NASHVILLE, Tenn. (WTVF) — Lawmakers took a hard look Monday at Gov. Bill Lee's new education funding formula.

The Department of Education addressed questions at a Senate Committee hearing.

Some aren't convinced it will work as well as they hoped.

The new Tennessee Investment in Student Achievement (TISA) promises to have money following students.

For two hours in the senate education committee, lawmakers from both parties spoke with state education commissioner Penny Schwinn.

"You are telling me if we want to put $100 million in the base, we would have to appropriate $250 million?" questioned Republican Sen. Bo Watson.

There was some confusion about how increases to the plan would be funded in the future.

Each student would have base funding of $6,860, and there are percentage increases for a specific child's needs.

They're referred to as "weights."

That's where the confusion arose in the senate committee.

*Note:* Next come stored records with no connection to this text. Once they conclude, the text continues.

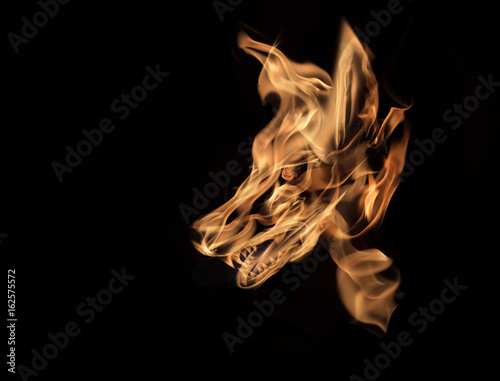 wolf drawing with fire effect structure on background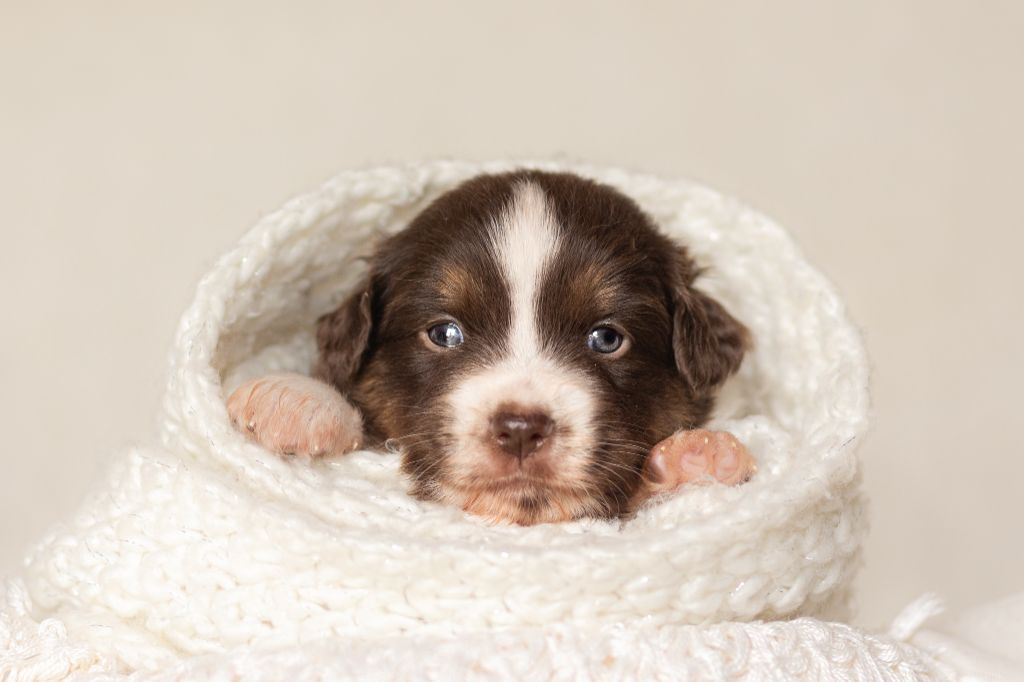 chiot Berger Américain Miniature  au hasard d'éole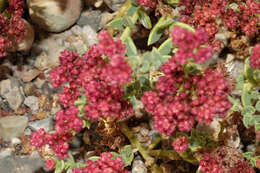 Cistanthe celosioides (Philippi) Carolin ex Hershkovitz resmi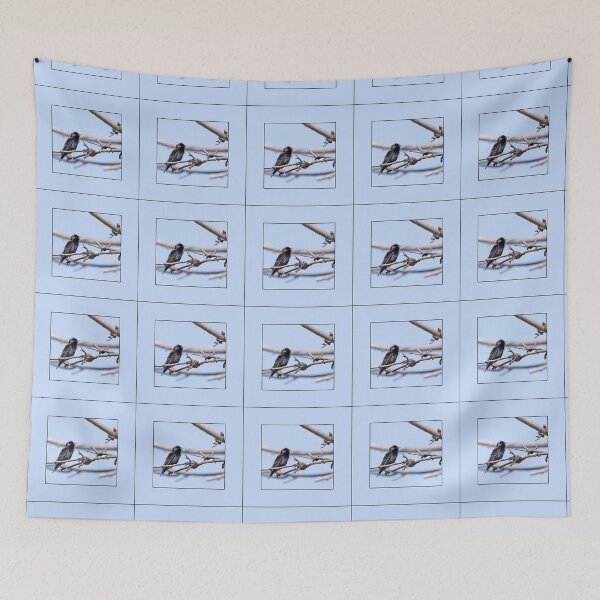 Item preview, European Starling Bird designed and sold by CarolM.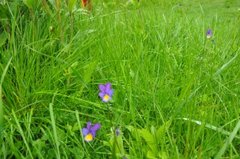 Stemorsblom (Viola tricolor)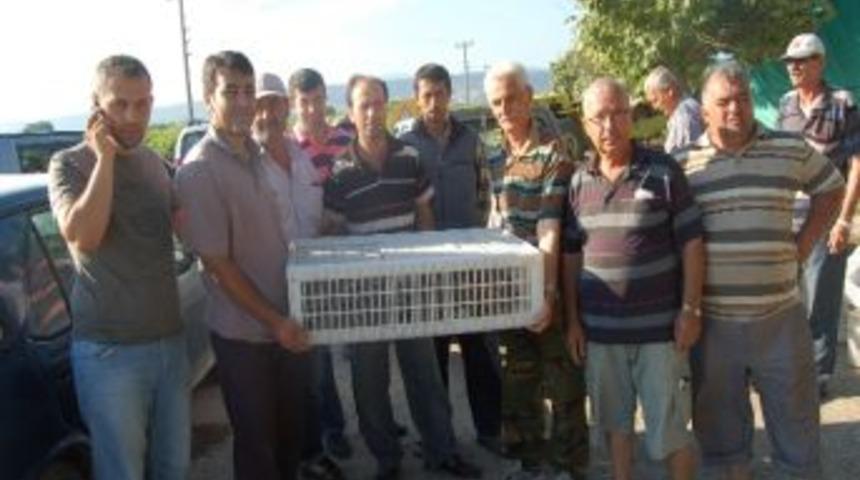 Lapseki'de Keklikler Sanıldı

Lawmakers asked — while funding the base amount for each student — is there additional money needed to be allocated to weights?

Watson wanted to make sure everyone on the committee understood.

"It's really, if we want to appropriate X amount in the base, we have to appropriate for the effects of X amount in the base on the weights. Plus the effect on the direct funding if that's 100%," said Watson.

Commissioner Schwinn replied that is correct.

The state House asked questions about the plan last week.

Nashville Democratic Rep. John Ray Clemmons said he's skeptical of the plan after talking with Schwinn.

"I would encourage every single Tennessean to ask their legislator what is in this legislation and how, whatever Bill Lee is promising is accomplished in the legislation," Rep. Clemmons said. "I guarantee you, their legislator can't tell them. And because it's not there and because it's not feasible."

Rep. Clemmons believes the funding for the new idea may be too little.

He suggested simply increasing the current formula's funding while lawmakers work more on making sure this plan will succeed.

There's also the issue of the potential for tax increases at the local level.

Gov. Lee said no tax increase is required for this program until 2027.

Commissioner Schwinn said an increase could happen sooner if the funding formula doesn't change.